You also have to be mindful of what’s happening when you practice. Being aware of where you stand in the process of learning what you’re working on, where exactly the problems are and their causes, and how you might go about fixing them is crucial. The way you go about practicing should be based on these factors, so taking some time to assess these things and keeping track of how they change as you go about practicing is hugely important. More often than not, I find that students aren’t thinking about these things when they practice. Instead, they quickly run though the material at hand. They ignore the ‘problem spots’ in the songs they are working on and spend more time than needed on parts they can play more easily. They get frustrated by mistakes or, just as bad, simply accept that these mistakes or breakdowns in the flow of the song are inevitable.
Frustration is the main emotion that should be avoided. When things don’t work the way they should and when mistakes keep happening, rather than letting frustration boil over you should stop, take a step back and examine the situation. Remember that there is a root cause for every mistake. Think rationally about what the mistake is and where it is happening. Keep emotions out of it and instead become a ‘practice scientist’ who experiments and observes. Figuring out these problems and working through them is where the practicing really takes place.

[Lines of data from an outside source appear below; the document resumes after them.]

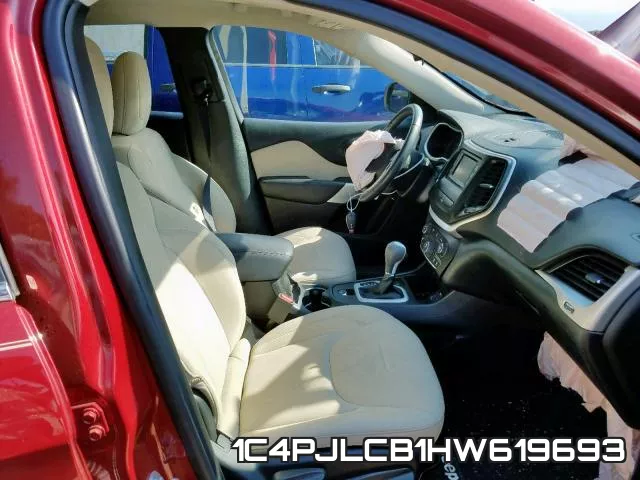 1C4PJLCB1HW619693 фото 6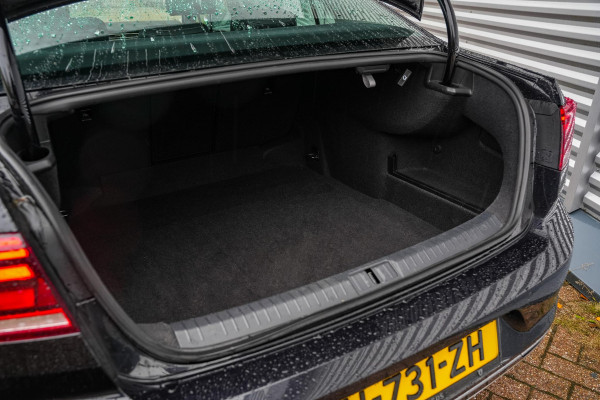 Volkswagen Passat 1.5 TSI Elegance Business R Leer Navi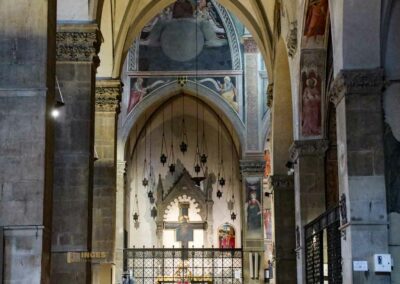 In der Basilika Santa Trinita in Florenz 21 kapelle doni basilika santa trinita florenz 9406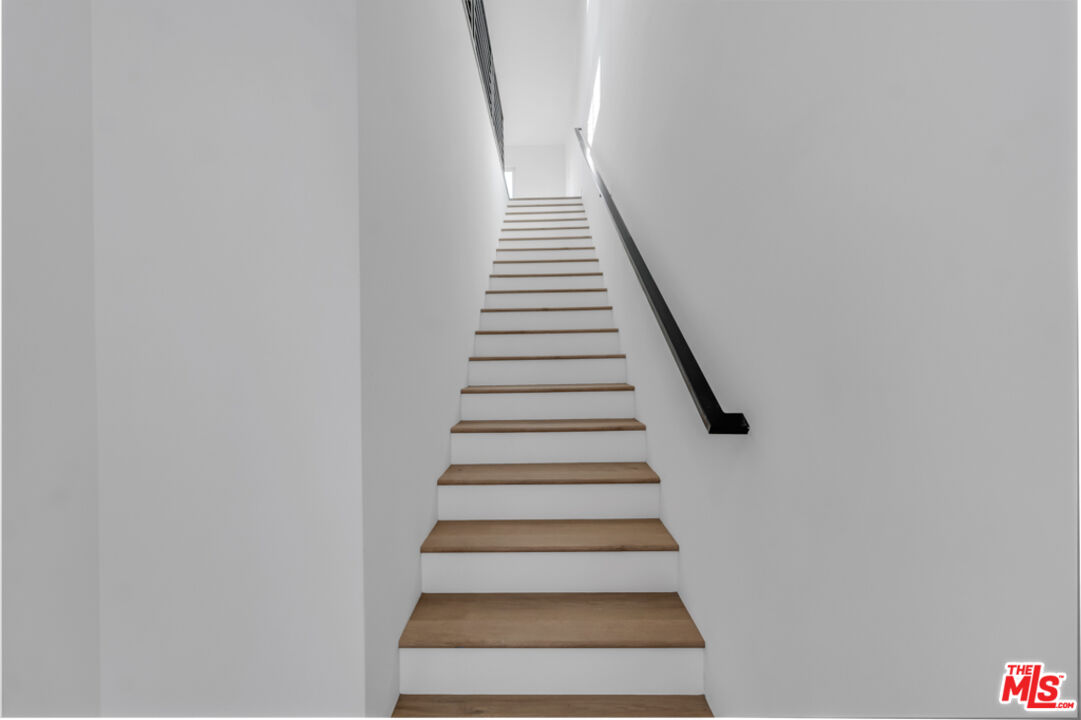 3139 Curts Ave Unit: B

Granted, there is a lot more to making the most out of guitar practice, and these bits of advice might seem basic. However, maintaining a peaceful mindset is so fundamentally important that it’s good to be reminded of it every once in a while. Any other advice on good practice habits will depend on the advice given here. If you find yourself not enjoying the journey of learning the guitar or if your playing is stagnant, its worthwhile to ask yourself if you are really cultivating the kind of mindset that is needed to both enjoy and improve on the guitar.